Dogs with N/DN genotype are carriers of Doberman Pinscher narcolepsy. If two carriers are mated, 25% of the offspring in the litter are expected to be affected and another 50% of the offspring are expected to be carriers.
Dogs with DN/DN genotype will display symptoms of narcolepsy.
Narcolepsy is a chronic sleep disorder characterized by an inability to remain awake or alert for extended periods during normal waking hours or especially after stimulation.

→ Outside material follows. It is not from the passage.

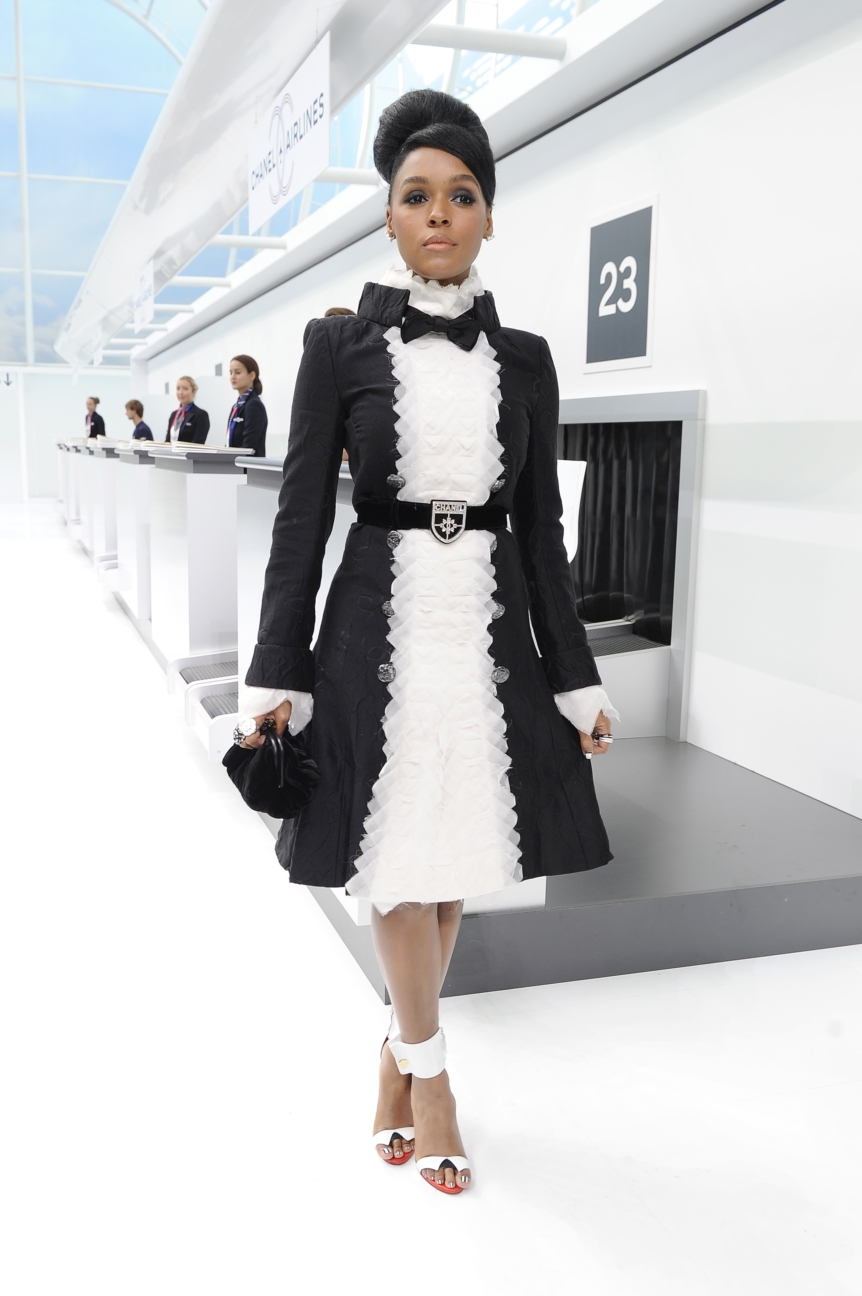 chanel-paris-fashion-week-spring-summer-2016-celebrities-pictures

A narcoleptic episode often involves collapse into a sleeping episode that ends abruptly, and then the dog resumes normal activity. Affected dogs may not completely fall asleep but may just be unalert. Affected dogs typically show signs between 4 and 6 months of age. However, symptoms can occur as early as 1 month and do not seem to progress after 1 year.
In Doberman Pinschers, an insertion of 226 bp in hypocretin receptor 2gene (HCRTR2: c.647 -35ins226) has been identified as the causal mutation. This gene is involved in cell signaling that enables normal regulation of sleep and wakefulness. This insertion is predicted to alter the normal gene product (protein) by disrupting the last 50% of the protein.
In Doberman Pinschers, the disease is inherited in an autosomal recessive fashion, meaning two copies must be present for the disease to manifest, and both sexes are affected equally.
Recommendations on testing: Testing for narcolepsy can assist veterinarians with diagnosis. This test is specifically recommended for Doberman Pinschers, particularly those related to affected dogs, as test results can assist in identifying carriers among breeding stock to select appropriate mates that will reduce the risk of producing affected offspring. Breeding two carriers is predicted to produce litters with 25% of the pups being affected. Breeding affected dogs or carriers to each other is not recommended.
Note: This test is specific for the autosomal recessive mutation present in the Doberman Pinscher.
Normal. Dog does not carry the Doberman narcolepsy associated variant.
Carrier. Dog has one copy of the Doberman narcolepsy associated variant.
Affected. Dog has two copies of the Doberman narcolepsy associated variant and will develop symptoms of narcolepsy.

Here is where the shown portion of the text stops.